Federal Regulation is not responsive, and certainly not to a broad consensus.

I think people trust politicians less than they ever have in history. And I think they are right to do so. With this in mind, I really have to wonder what leap of logic a person has to make in order to go from not trusting politicians to trusting a board regulators who was appointed by the President and confirmed by the Senate.

The President and the Senate are our LEAST accountable policitians. Ever try to ask any of them for anything? Ever try to vote them out of office when you disagree? You can’t make them feel any amount of fear that your wrath as a voter means doodly-squat to their re-election.

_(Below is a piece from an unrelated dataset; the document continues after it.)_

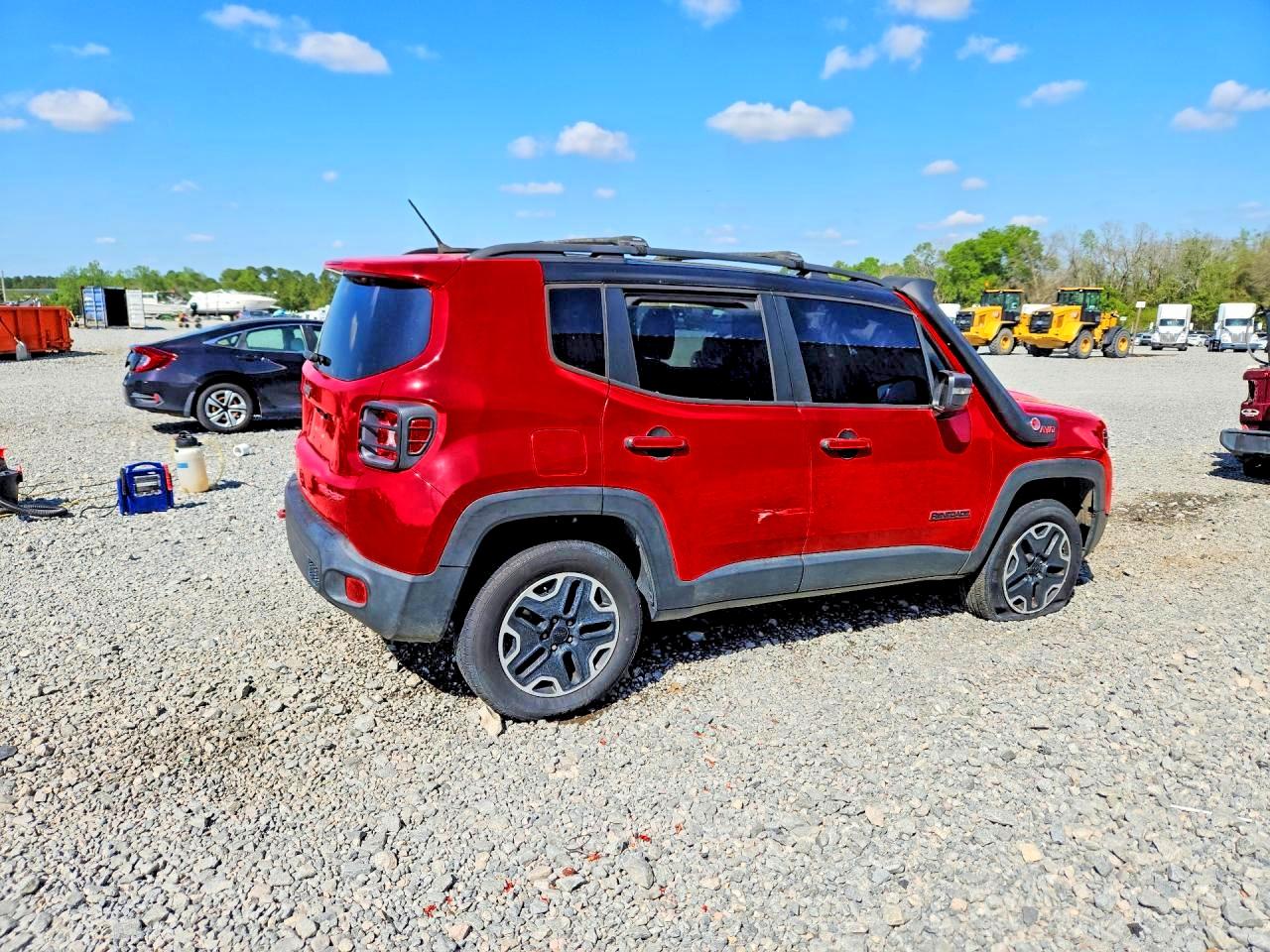 ZACCJBCT8GPC45015 · 2016 JEEP RENEGADE · 3/13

Only PR disasters move their worlds.

Also, the “Title II” which some people seem to argue is THE SOLUTION to net neutrality is, in fact, Title II of the Communications Act of 1934. I’m sure it has been amended but let’s be clear. It’s old and… NO ONE HAS READ THE 682 PAGES OF TITLE II.

Some people argue that the fact that the FCC have the discretion to not enforce parts of the Act means that it will be less onerous. To me, it just means they have the right to be arbitrary. Consider this question: are they likely to act in a way that favors the consumer or in a way that favors the big company being regulated? If you believe in the revolving doors between regulated companies and regulating authorities then you have no reason whatsoever to trust that a regulatory agency permitted to be arbitrary will be in your best interests.

Fundamentally, I ask you to consider this: Do we really know what we are asking for? Or is Title II a deal with the devil?

The Fundamental Problem is Regulation

“Regulation makes it hard to innovate,” said Kevin Lo from the Google Fiber project. And he’s right.

The fundamental problem with broadband innovation and competition is that it is too difficult to work with local municipalities to get into the Broadband business. I argue that the net neutrality problem is fundamentally caused by regulation. And you can’t fix regulation with more regulation.

Here’s Kevin Lo from the same article:

“Governments across the country control access to the rights-of-way that private companies need in order to lay fiber. And government regulation of these rights-of-way often results in unreasonable fees, anti-investment terms and conditions, and long and unpredictable build-out timeframes. The expense and complexity of obtaining access to public rights-of-way in many jurisdictions increase the cost and slow the pace of broadband network investment and deployment.”

My solution: Reduce regulation

Marc Andreeson, in a recent tweet storm laid out his thoughts on disruptive innovation.. He described disruptive innovation as pro-consumer and world-improving, especially for those of low-income. To put these into my own words: The best protection we can have is the one that allows for disruptive innovation when it legitimately improves the lot of all.

And to do improve the chance for disruptive innovation in Broadband, we have to find a way to reduce regulation. We had considerably less disruptive innovation before the Telecom Act of 1996 deregulated telecom toward a model that allowed for more disruptive innovation.

The question we have to answer is: Is there some way can make it easier for new businesses to bring online disruptive broadband services? Is there a way to reduce the friction for “voting with our feet”?

If we can, then we have a better lever than onerous and unpredictable outcomes of Faustian bargains such as Title II. I don’t have a specific long term solution to propose but I suggest that we tread carefully with begging for the internet to be regulated.